▸ Exercise prompt: When the line with "For more tutorials, FAQs, and" turns up below, begin repeating exactly, and carry on through the line with "I'm going to"; no pictures go into the copy.

Stored data
-*-

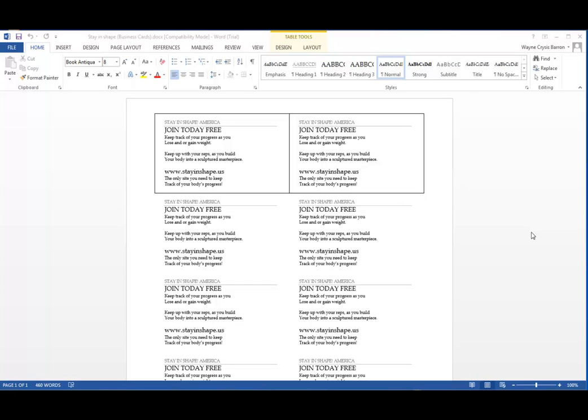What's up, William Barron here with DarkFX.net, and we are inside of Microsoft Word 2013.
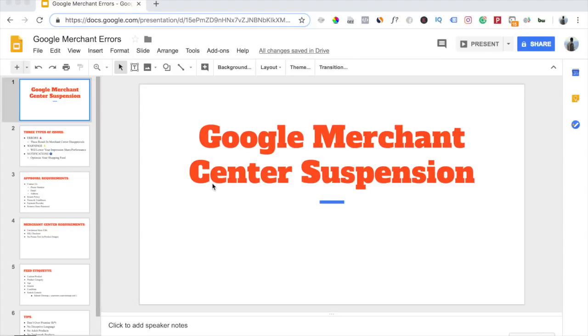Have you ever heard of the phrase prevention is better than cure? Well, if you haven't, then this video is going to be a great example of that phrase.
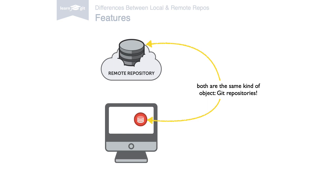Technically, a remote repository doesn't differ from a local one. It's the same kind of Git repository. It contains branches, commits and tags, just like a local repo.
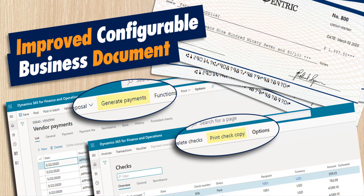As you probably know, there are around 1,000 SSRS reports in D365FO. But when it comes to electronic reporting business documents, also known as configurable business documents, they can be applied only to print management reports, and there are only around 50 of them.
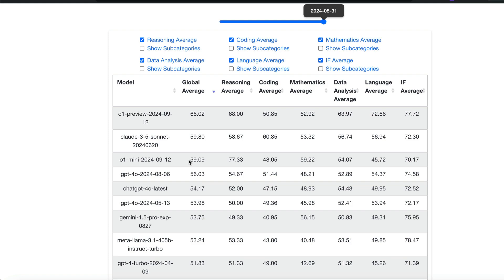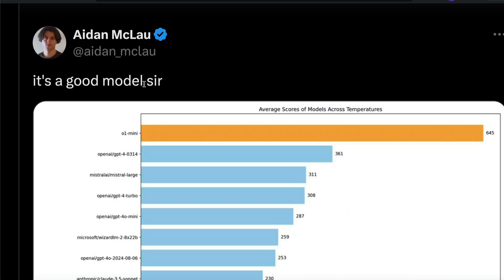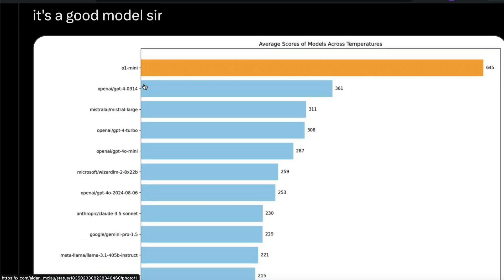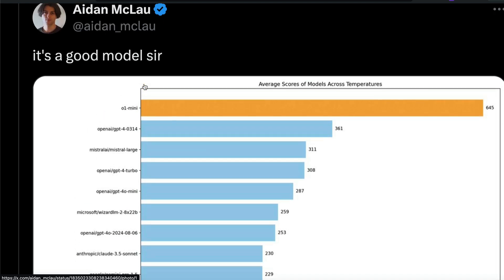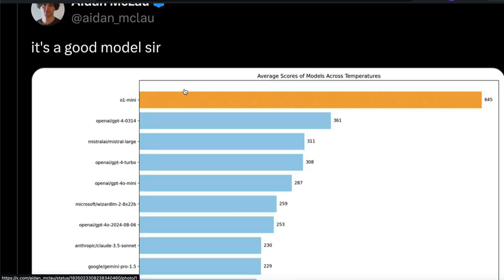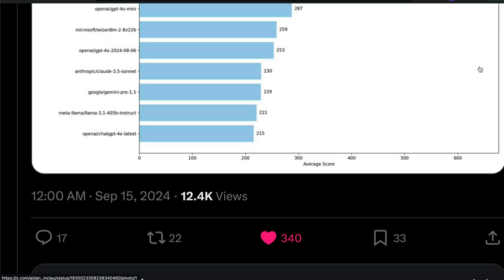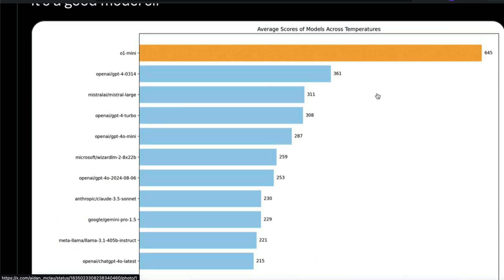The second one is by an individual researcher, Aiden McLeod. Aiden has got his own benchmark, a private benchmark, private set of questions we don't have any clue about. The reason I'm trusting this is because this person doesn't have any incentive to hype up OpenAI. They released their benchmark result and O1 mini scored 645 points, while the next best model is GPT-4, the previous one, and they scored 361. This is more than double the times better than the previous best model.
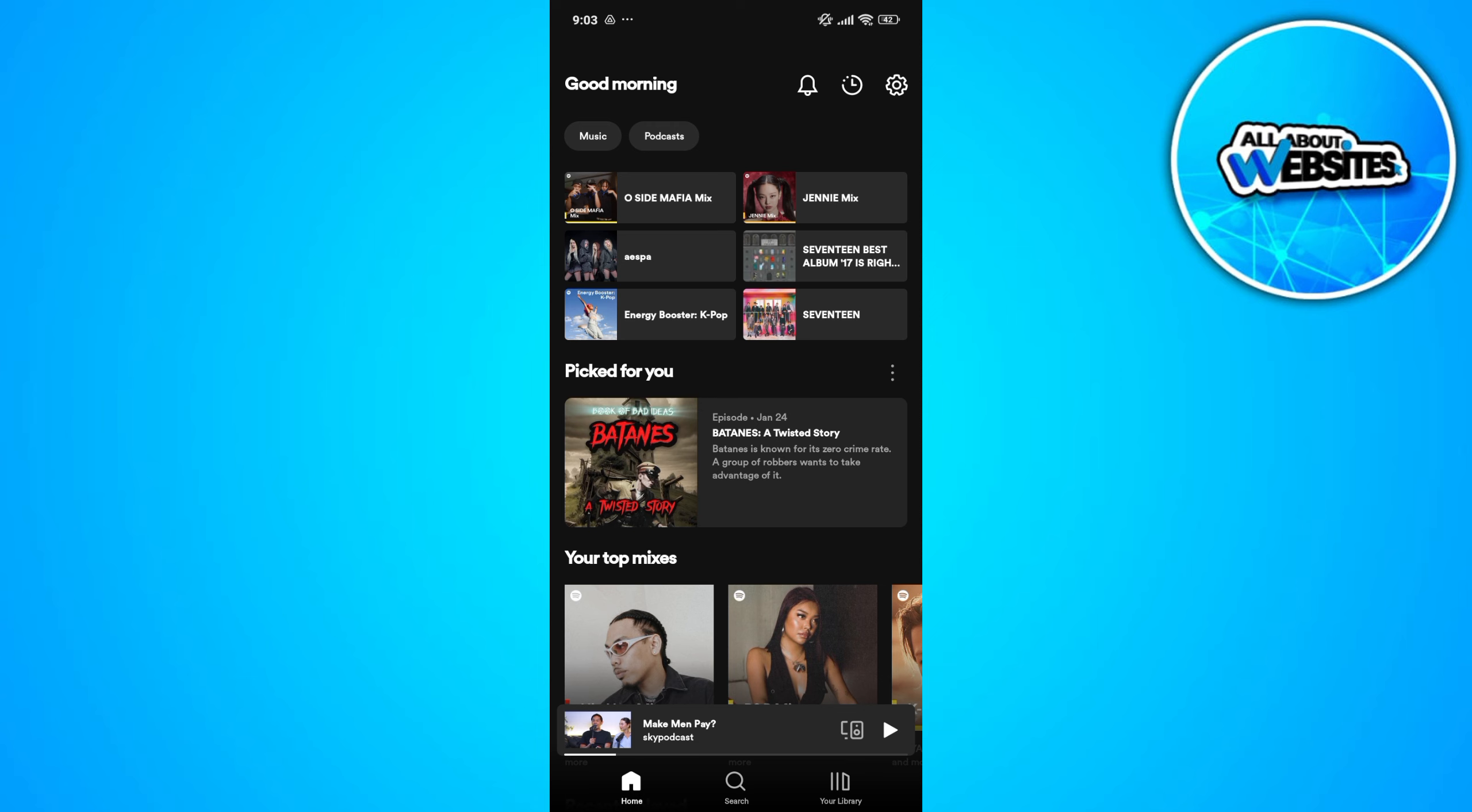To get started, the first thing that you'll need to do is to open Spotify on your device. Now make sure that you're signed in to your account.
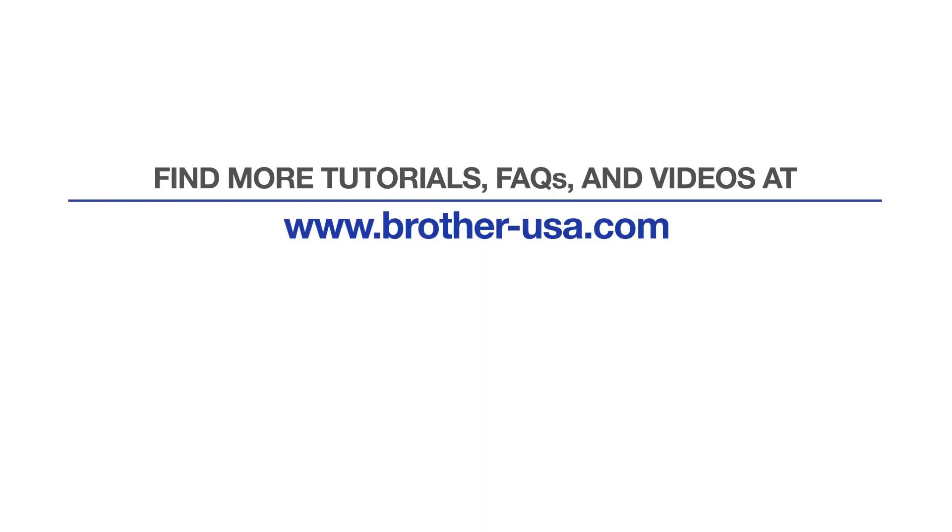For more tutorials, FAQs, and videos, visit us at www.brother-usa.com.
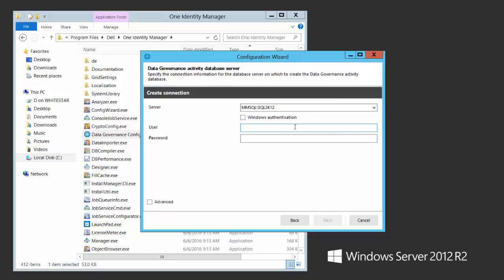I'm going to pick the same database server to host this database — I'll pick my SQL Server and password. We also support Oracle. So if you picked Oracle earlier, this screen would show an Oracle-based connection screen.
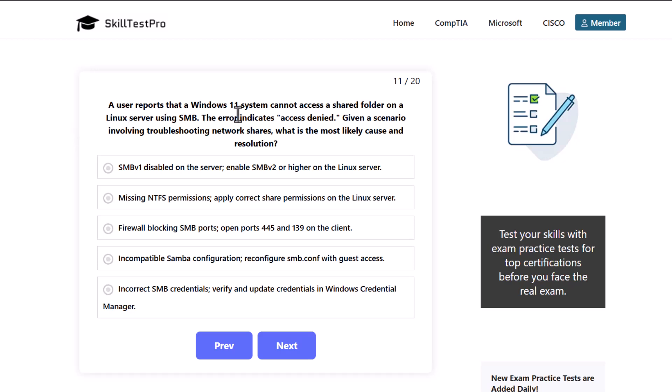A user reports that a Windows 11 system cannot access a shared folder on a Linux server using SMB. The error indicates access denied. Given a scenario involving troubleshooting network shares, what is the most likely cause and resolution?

-*-

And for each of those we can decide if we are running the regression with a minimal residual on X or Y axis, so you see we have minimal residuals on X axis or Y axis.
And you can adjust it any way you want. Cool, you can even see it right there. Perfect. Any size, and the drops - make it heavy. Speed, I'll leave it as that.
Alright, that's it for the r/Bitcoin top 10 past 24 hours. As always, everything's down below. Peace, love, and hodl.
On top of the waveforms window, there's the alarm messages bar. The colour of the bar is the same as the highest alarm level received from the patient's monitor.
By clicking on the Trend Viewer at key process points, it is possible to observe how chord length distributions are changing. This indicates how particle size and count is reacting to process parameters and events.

-*-

▸ Solution:
For more tutorials, FAQs, and videos, visit us at www.brother-usa.com.
I'm going to pick the same database server to host this database — I'll pick my SQL Server and password. We also support Oracle. So if you picked Oracle earlier, this screen would show an Oracle-based connection screen.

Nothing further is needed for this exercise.